Continuous Backup vs Periodic

Continuous has only - 7 days (Free) - 30 days Continuous is only Zone/Local. You can achieve geo backup only and if geo-write is enabled.

Periodic (Custom) by hours and store for days. Periodic have configuration for: - Need specify Retention(1-30 days) and Interval(1-24 hours) - Geo redundant, even not multi-region it can be geo backup - Zone redundant - Locally redundant

## Recovery caveat

CMK and Recovery If the database or account was encrypted with CMK at the time of the backup, the ability to restore and access the data depends entirely on the availability and access to the necessary encryption key.

Scenario 1: You have the new CMK (Key 2) AND the old CMK (Key 1).

Yes, you can recover. When CMK is rotated (Key 1 is replaced with Key 2), the data is typically re-encrypted over time. However, the service maintains the ability to use the older key to decrypt data encrypted with it, especially for backups taken before the rotation was complete.

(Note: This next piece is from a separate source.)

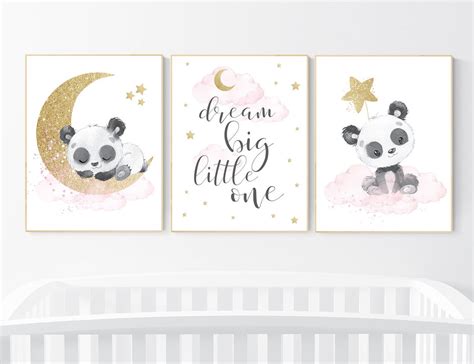 Nursery Decor Girl Panda Nursery Pink and Gold Nursery Wall - Etsy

For a Point-in-Time Restore (PITR) in Azure Cosmos DB, the restore operation usually requires that the target account's identity has access to all the necessary key versions (both old and new) that were used to encrypt the data in the backup time range.

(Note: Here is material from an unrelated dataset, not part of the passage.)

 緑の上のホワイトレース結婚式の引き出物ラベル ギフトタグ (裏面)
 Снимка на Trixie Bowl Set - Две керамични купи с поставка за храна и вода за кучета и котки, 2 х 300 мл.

Scenario 2: You only have the new CMK (Key 2) but the database was using the old CMK (Key 1) at the backup time.

Recovery is uncertain or may fail for data encrypted with Key 1. If a backup was taken while the database was encrypted with Key 1, and Key 1 is now deleted or permanently inaccessible (e.g., revoked permissions, key vault deleted without soft-delete), you won't be able to decrypt the data protected by Key 1, and the recovery will likely fail or the restored data will be inaccessible. The backup itself is encrypted with the key active at that time.

Scenario 3: You have rotated the key (Key 2 is in use) and take a new backup.

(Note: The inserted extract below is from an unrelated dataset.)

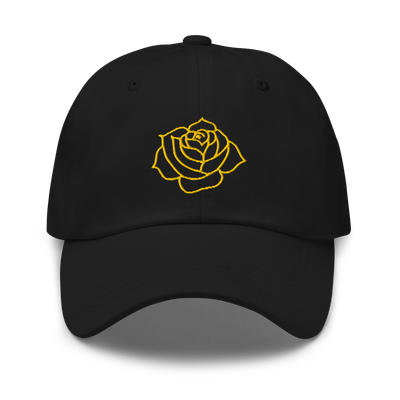 IPL Embroidered Yellow Gratitude Rose Outline Cotton Hat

Yes, recovery is possible. Any new backups taken after the key change will be encrypted with Key 2. As long as Key 2 is available and the account's managed identity has the correct Get, Wrap Key, and Unwrap Key permissions on the Azure Key Vault, the restore will succeed.

Redundancy

Periodic

There are option for redundancy for - GRS (total 6, 3 copies in primary region, 3 more in secondary) - ZRS (total 3 copies, although ZRS is 3 and above ) - LRS (total 3 copy in 1 single location)

Continuous

  1. Cannot be set
  2. set as ZRS (IF AND ONLY IF Region support it, like for malaysia no ZRS) and Availability Zone is selected (option when creating account).
  3. always stored automatically as LRS per region.
  4. Region do happen if multi-region is added. But remember backup can only restore to same region so there is only ZRS.
  5. If consistency of Strong bounded, the write region backups only that are confirmed (approved by all regions).